Members automatically receive WhatsApp messages for expiry reminders through a 3-stage pipeline:

Cron Trigger → Background Job → Interakt API → Webhook Delivery Tracking

# Daily cron hits this endpoint
def send_expiry_whatsapp
  return head :unauthorized unless params[:token] == ENV['CRON_SECRET']

  MembershipExpiryWhatsappJob.perform_later(:expiring)
  MembershipExpiryWhatsappJob.perform_later(:expired)
end

Messages are tracked through their full lifecycle:

QUEUED → SENT → DELIVERED → READ (or FAILED)

5. Admin Dashboard

Single-screen overview: Active/Expiring/Expired counts, today's collections, due payments, inventory status — all preloaded in bulk to avoid N+1 queries:

def preload_members
  member_ids = @latest_subs.map(&:ms_member_id).uniq
  @members_map = MstMembersList
    .where(mmbr_compcode: @compcode, id: member_ids)
    .each_with_object({}) { |m, h| h[m.id.to_s] = m }
end

Challenges & Solutions

Challenge Solution
Biometric device sends raw punch data Built REST API with mapping, deduplication, and subscription validation
WhatsApp duplicate messages Check trn_whatsapp_logs before sending
Dashboard slow with 200+ members Bulk preloading with hash maps
Tracking message delivery Interakt webhook controller for real-time status
Multi-user access control Module-based permission system

Key Learnings

  1. Real business requirements are messy.

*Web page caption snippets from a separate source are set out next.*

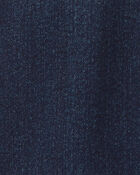 Baby Elastic Strap Denim Overalls - Dark Wash, image 3 of 4 slides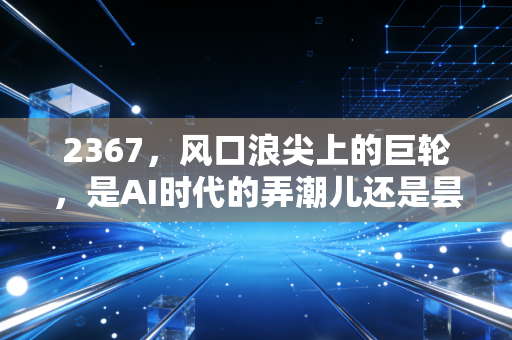2367，风口浪尖上的巨轮，是AI时代的弄潮儿还是昙花一现的泡沫？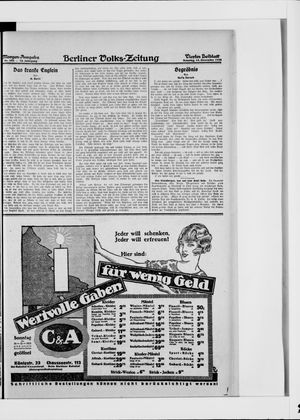 Berliner Volkszeitung vom 14.12.1924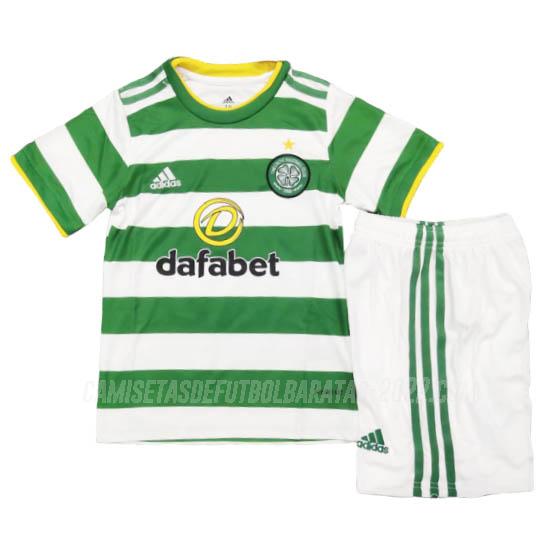 camiseta de la 1ª equipación celtic niños 2020-21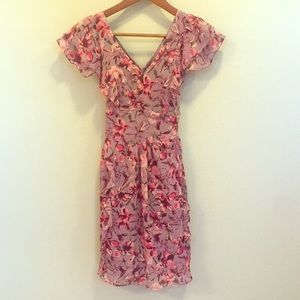 Express floral dress.  Size 4.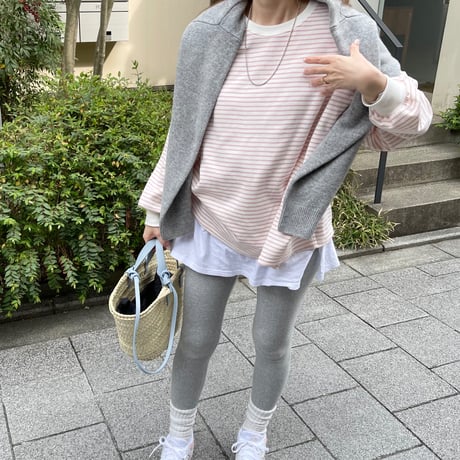 Boader long t-shirts (Pink)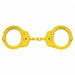 Handcuffs Chain Link Yellow Steel 10 oz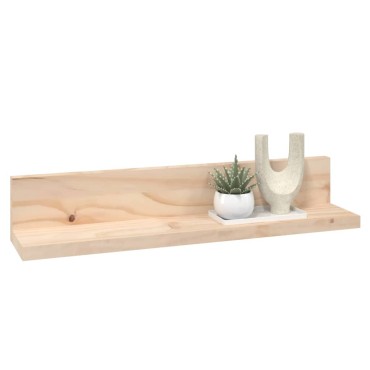 vidaXL Ράφια Τοίχου 2 τεμ. 50x11x9cm από Μασίφ Ξύλο Πεύκου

Partial payments, expired members punching in, duplicate scans — you don't think about these in tutorials.

  2. Background jobs are essential. WhatsApp notifications can't block the request cycle.

  3. Audit logging is non-negotiable. When real money is involved, every action needs a trail.

  4. N+1 queries become real when you have 200+ members on a dashboard.

  5. External APIs need defensive coding. Always handle failures, log responses, and plan for timeouts.


What's Next

  • SMS fallback for members not on WhatsApp

  • Member-facing mobile view for self-service

  • Revenue analytics and trend reports

  • Online payment collection


Final Thoughts

Building Spine Fitness taught me that production software for a real business is fundamentally different from side projects. The requirements come from real workflows, bugs have real consequences, and watching a gym owner ditch their notebooks for your app is incredibly satisfying.

If you're looking to build something meaningful with Rails, start by finding a real problem around you. The best portfolio projects are the ones that actually get used.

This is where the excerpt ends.